Depuis la Kasbah, Chahed semble ignorer les leçons de l’Histoire
Le chef du gouvernement, qui n’a jamais confirmé ses intentions pour 2019, s’est-il jeté dans une impasse ? « L’âge et l’expérience gagnent toujours sur la jeunesse », met en garde l’ancien ministre Noomane El Fehri. Depuis la Kasbah, Chahed semble ignorer les leçons de l’Histoire.
Dans un passé pourtant récent, le rapprochement avec Ennahdha a coûté à BCE sa popularité et son projet de rassembler les destouriens, les centristes et une partie de la gauche. Aujourd’hui, les islamistes, qui nourrissent aussi quelques ambitions pour 2019, appellent le chef du gouvernement à choisir entre la Kasbah et la présidentielle.
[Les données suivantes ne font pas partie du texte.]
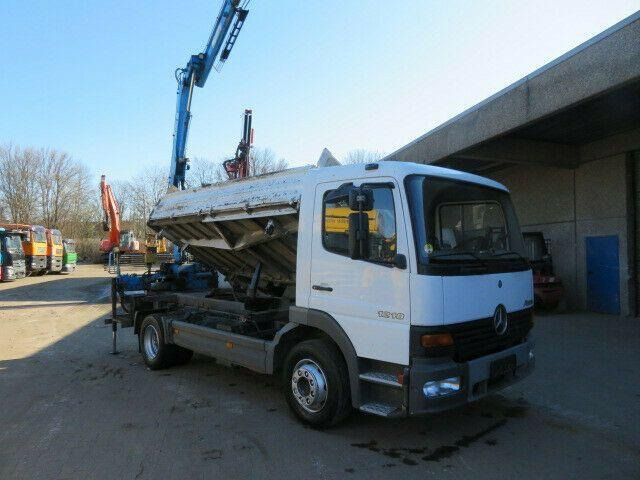 Mercedes-Benz ATEGO 1218 - Camion basculantă, Camion cu macara: Foto 1 Mercedes-Benz ATEGO 1218 - Camion basculantă, Camion cu macara: Foto 1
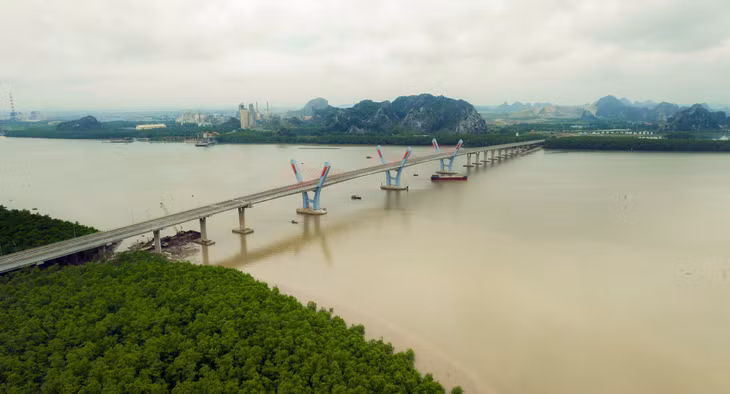 Cầu Rừng đi vào hoạt động mở rộng kết nối giao thương giữa TP Thủy Nguyên (TP Hải Phòng) với TX Quảng Yên (tỉnh Quảng Ninh).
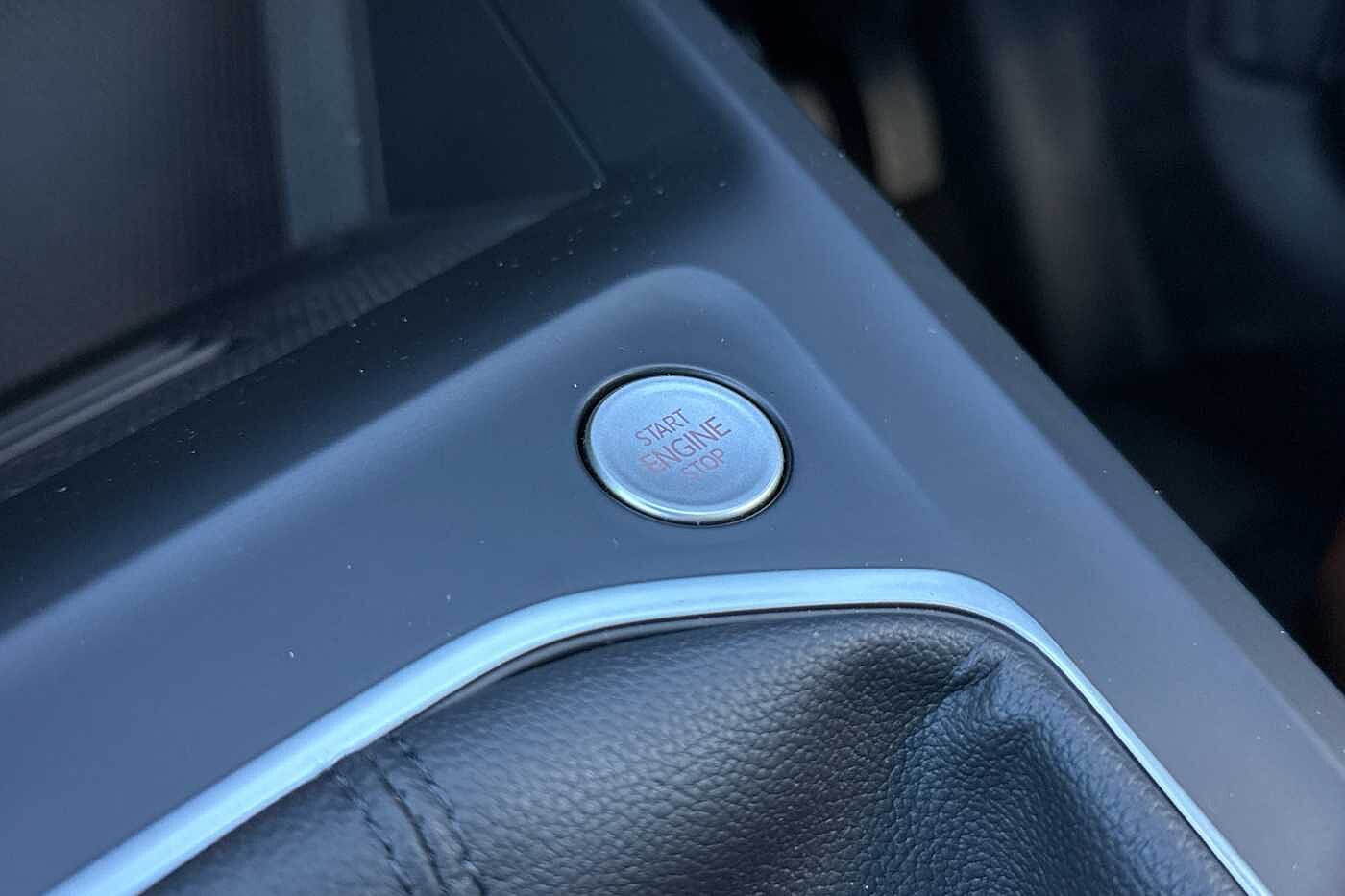 Used Volkswagen Golf 2024 for sale - 76359828: Photo 18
D’ici là, l’impasse institutionnelle risque de perdurer. Car les scénarios de sortie de crise ne sont pas si nombreux. L’état d’urgence, en vigueur jusqu’au 11 octobre prochain, empêche le président de dissoudre l’Assemblée et de convoquer des élections anticipées. L’alternative, un renouvellement de confiance à Chahed par l’ARP, serait un coup de poker.
Le chef du gouvernement n’est soutenu par aucune majorité, bien que son entourage affirme le contraire. Chahed peut démissionner dans un sursaut patriotique – ou d’orgueil – pour mieux vanter plus tard son sens de l’État et des responsabilités. Un autre quadragénaire, dans un autre pays, la France, en avait fait de même à la fin d’un certain été 2016…
L’homme clé
Directeur du cabinet présidentiel avec rang de ministre depuis 2016, Sélim Azzabi, 40 ans, est au cœur de la machine de Carthage. L’homme est représentatif d’une génération de jeunes mise en avant par le chef d’État pour renouveler le personnel politique.
À la présidence, Sélim Azzabi fait figure de pendant de Youssef Chahed, avec qui il entre en politique en 2011. Les deux fondent le Parti républicain, absorbé en 2012 par Al Joumhouri, dont Azzabi intègre le bureau exécutif.
L’expert en stratégie et finance, diplômé de l’école supérieure de commerce de Paris (ESCP), rejoint Nidaa Tounes en 2013, en même temps que l’actuel chef du gouvernement. Puis il pilote la campagne présidentielle de Béji Caïd Essebsi l’année suivante.
À sa prise de fonctions, BCE le nomme secrétaire général de la présidence. Sélim Azzabi voit son compagnon de route entrer à la Kasbah en 2016. Peu exposé publiquement, le quadragénaire n’affiche pas d’ambitions politiques claires. Mais ce pragmatique, qui a l’oreille du président, se trouverait dans un dilemme cornélien s’il devait choisir entre son mentor et son ami.